In [None]:
import numpy as np
from keras.api.datasets import mnist
from keras.api.utils import to_categorical

# 活性化関数とその導関数
def relu(x):
    return np.maximum(0, x)

def relu_derivative(x):
    return (x > 0).astype(float)

def softmax(x):
    exp_x = np.exp(x - np.max(x, axis=1, keepdims=True))
    return exp_x / np.sum(exp_x, axis=1, keepdims=True)

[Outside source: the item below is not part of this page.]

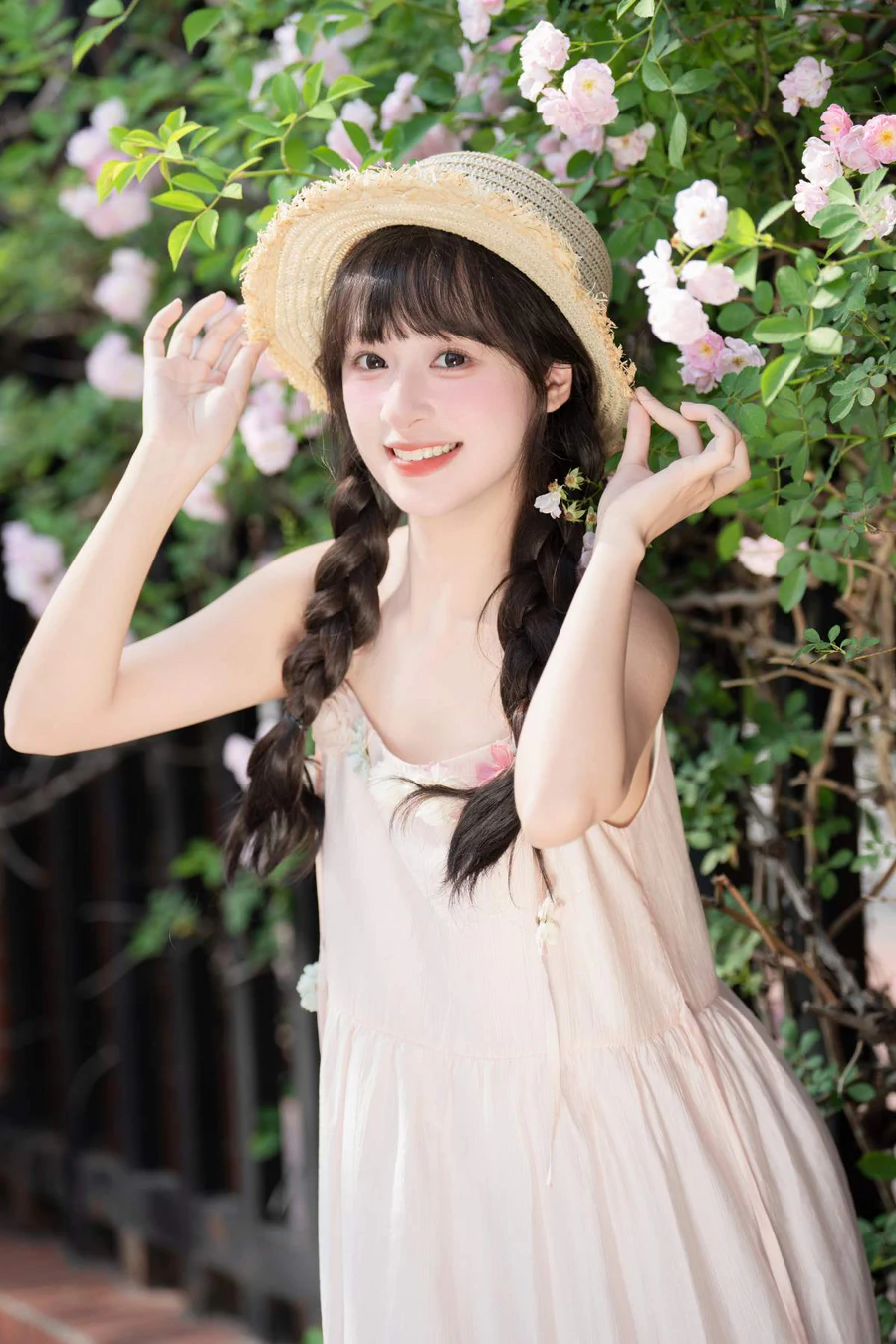 [YITUYU艺图语]2025.06.04 粉色蔷薇 夏芋小年 YITUYU艺图语-第1张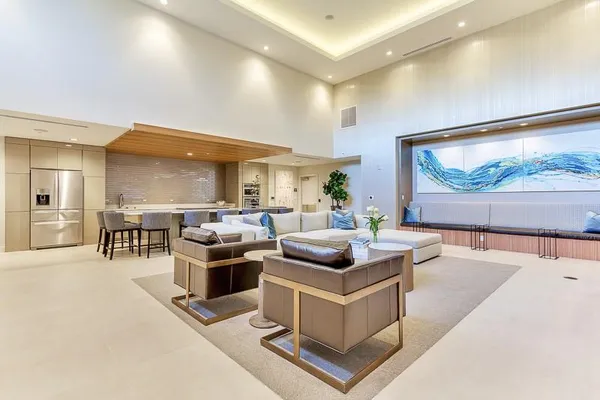 $5,652 | 4719 Cole Avenue, Unit 704, Dallas, TX 75205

def cross_entropy_loss(y_true, y_pred):
    m = y_true.shape[0]
    log_likelihood = -np.log(y_pred[range(m), np.argmax(y_true, axis=1)])
    loss = np.sum(log_likelihood) / m
    return loss

def cross_entropy_loss_derivative(y_true, y_pred):
    m = y_true.shape[0]
    grad = y_pred.copy()
    grad[range(m), np.argmax(y_true, axis=1)] -= 1
    grad = grad / m
    return grad

# ネットワーククラス
class FourLayerNet:
    def __init__(self, input_size, hidden_size1, hidden_size2, hidden_size3, output_size):
        self.params = {
            'W1': np.random.randn(input_size, hidden_size1) * 0.01,
            'b1': np.zeros((1, hidden_size1)),
            'W2': np.random.randn(hidden_size1, hidden_size2) * 0.01,
            'b2': np.zeros((1, hidden_size2)),
            'W3': np.random.randn(hidden_size2, hidden_size3) * 0.01,
            'b3': np.zeros((1, hidden_size3)),
            'W4': np.random.randn(hidden_size3, output_size) * 0.01,
            'b4': np.zeros((1, output_size))
        }

    def forward(self, X):
        self.cache = {}
        self.cache['Z1'] = np.dot(X, self.params['W1']) + self.params['b1']
        self.cache['A1'] = relu(self.cache['Z1'])
        self.cache['Z2'] = np.dot(self.cache['A1'], self.params['W2']) + self.params['b2']
        self.cache['A2'] = relu(self.cache['Z2'])
        self.cache['Z3'] = np.dot(self.cache['A2'], self.params['W3']) + self.params['b3']
        self.cache['A3'] = relu(self.cache['Z3'])
        self.cache['Z4'] = np.dot(self.cache['A3'], self.params['W4']) + self.params['b4']
        self.cache['A4'] = softmax(self.cache['Z4'])
        return self.cache['A4']

    def backward(self, X, y):
        m = X.shape[0]
        grads = {}

        dZ4 = cross_entropy_loss_derivative(y, self.cache['A4'])
        grads['dW4'] = np.dot(self.cache['A3'].T, dZ4)
        grads['db4'] = np.sum(dZ4, axis=0, keepdims=True)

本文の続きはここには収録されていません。